◆ **ACTION ITEM**: Repeat the records below exactly. Omit the pictures.

◆ **Captioned web image data**:
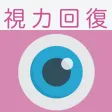 視力回復トレーニング -マジカルアイ・ガボールパッチ・立体視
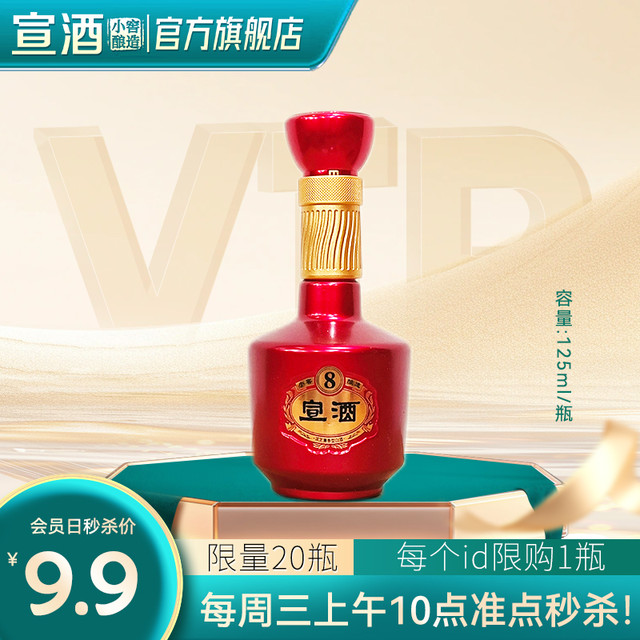 宣酒 8 小窖酿造 40.9%vol 绵柔型白酒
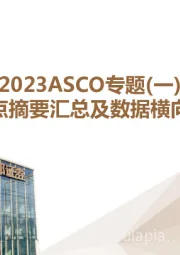 医药：2023ASCO专题（一）：重点摘要汇总及数据横向对比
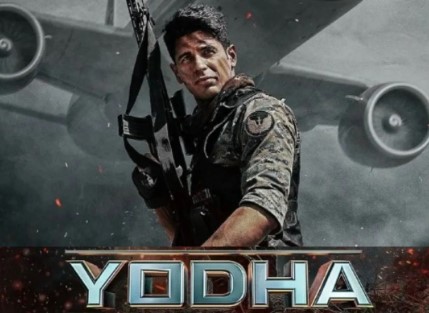 थियेटर के बाद सिद्धार्थ मल्होत्रा की फिल्म योद्धा ने ओटीटी प्लेटफॉर्म अमेजन प्राइम वीडियो पर दी दस्तक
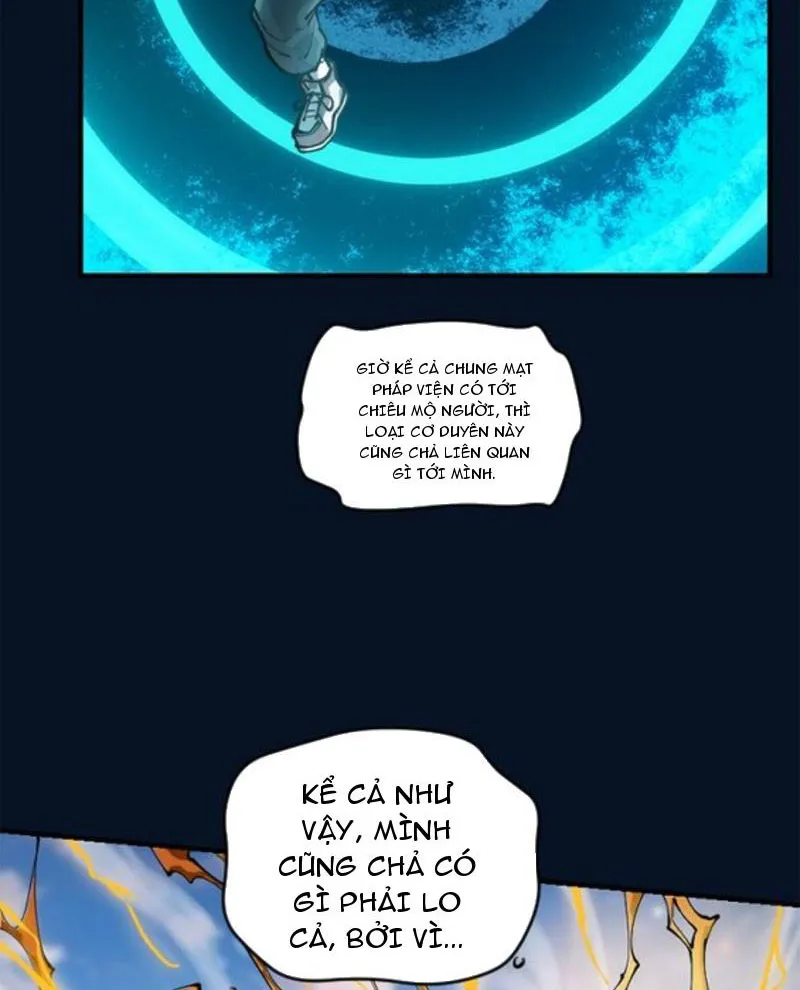 Ngự thú của ta không quá đứng đắn Chapter 1 - Trang 23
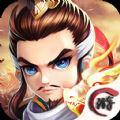 三国群雄记下载手游正式版
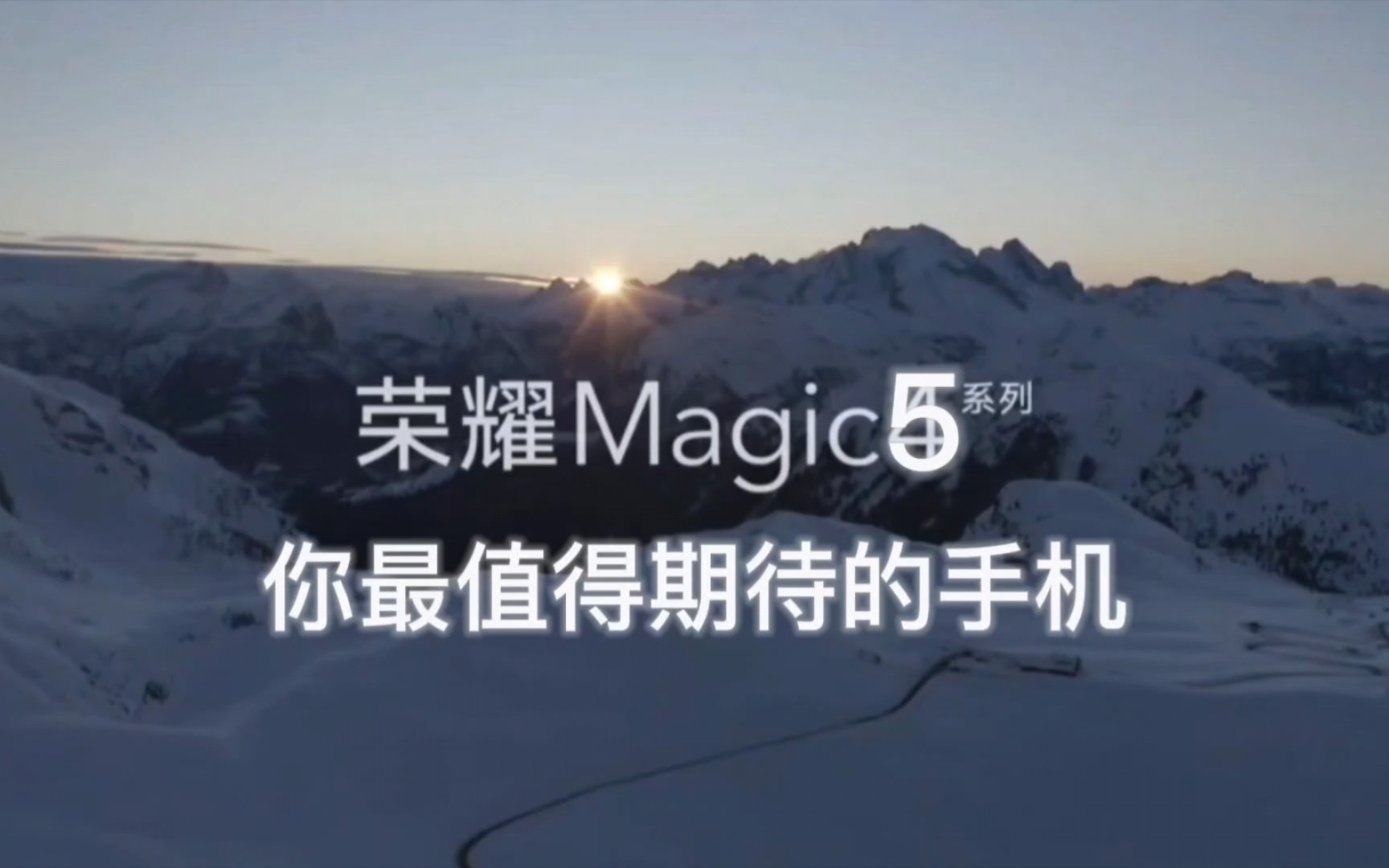 [图]华为接班人最值得期待的手机荣耀magic5！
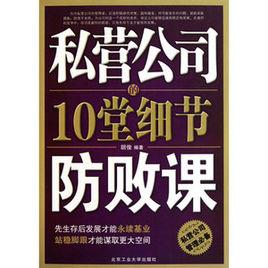 私營公司的10堂細節防敗課 私營公司的10堂細節防敗課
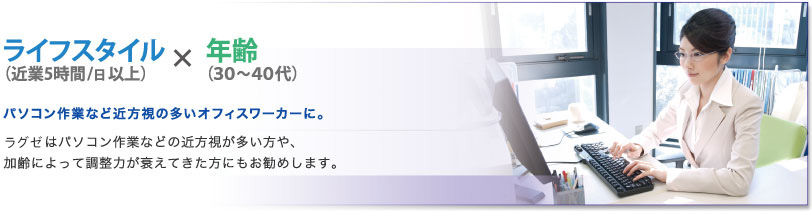 パソコン作業など近方視の多いオフィスワーカーに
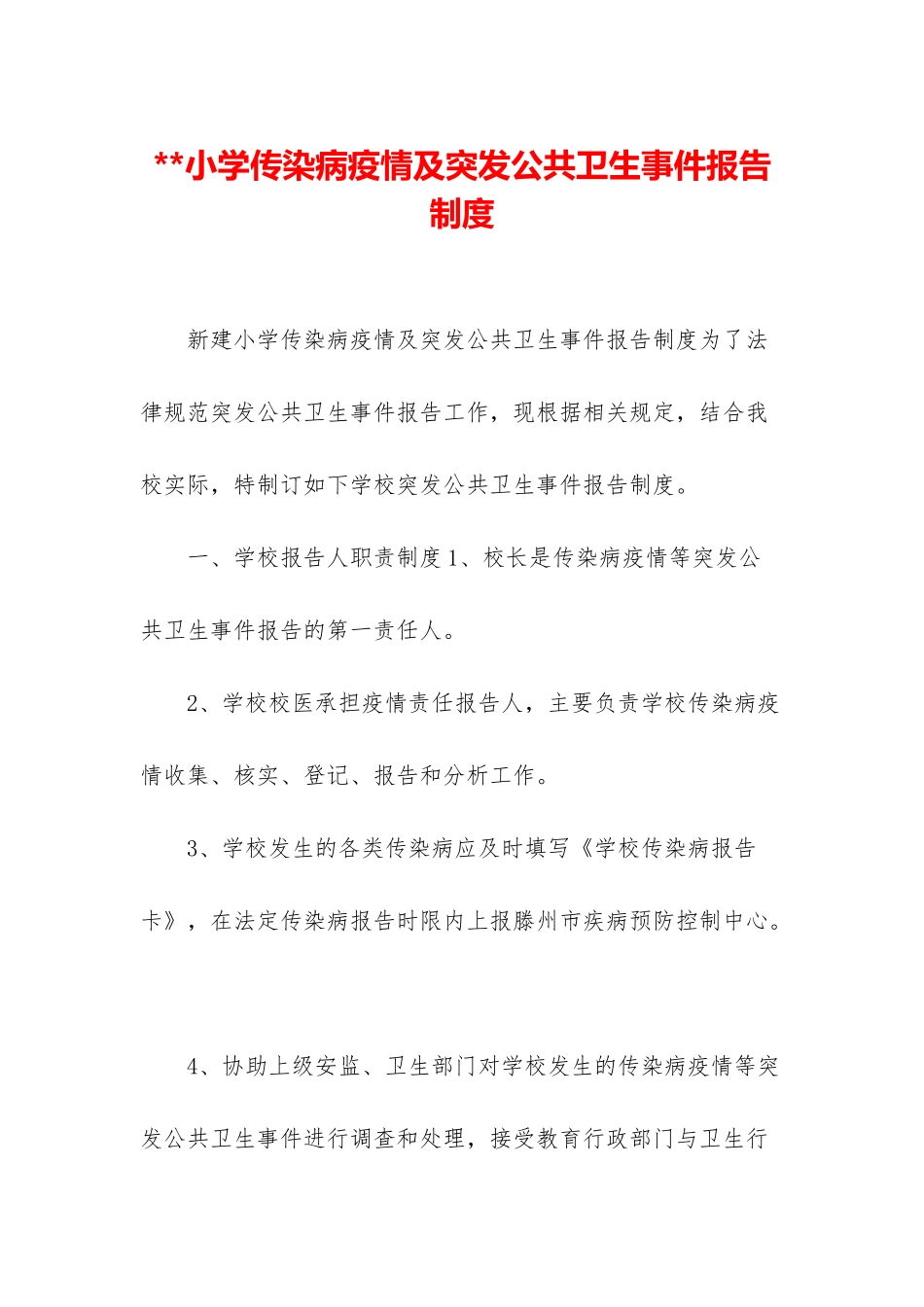 小学传染病疫情及突发公共卫生事件报告制度_第1页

◆ **FINISHED TASK**:
 視力回復トレーニング -マジカルアイ・ガボールパッチ・立体視
 宣酒 8 小窖酿造 40.9%vol 绵柔型白酒
 医药：2023ASCO专题（一）：重点摘要汇总及数据横向对比
 थियेटर के बाद सिद्धार्थ मल्होत्रा की फिल्म योद्धा ने ओटीटी प्लेटफॉर्म अमेजन प्राइम वीडियो पर दी दस्तक
 Ngự thú của ta không quá đứng đắn Chapter 1 - Trang 23
 三国群雄记下载手游正式版
 [图]华为接班人最值得期待的手机荣耀magic5！
 私營公司的10堂細節防敗課 私營公司的10堂細節防敗課
 パソコン作業など近方視の多いオフィスワーカーに
 小学传染病疫情及突发公共卫生事件报告制度_第1页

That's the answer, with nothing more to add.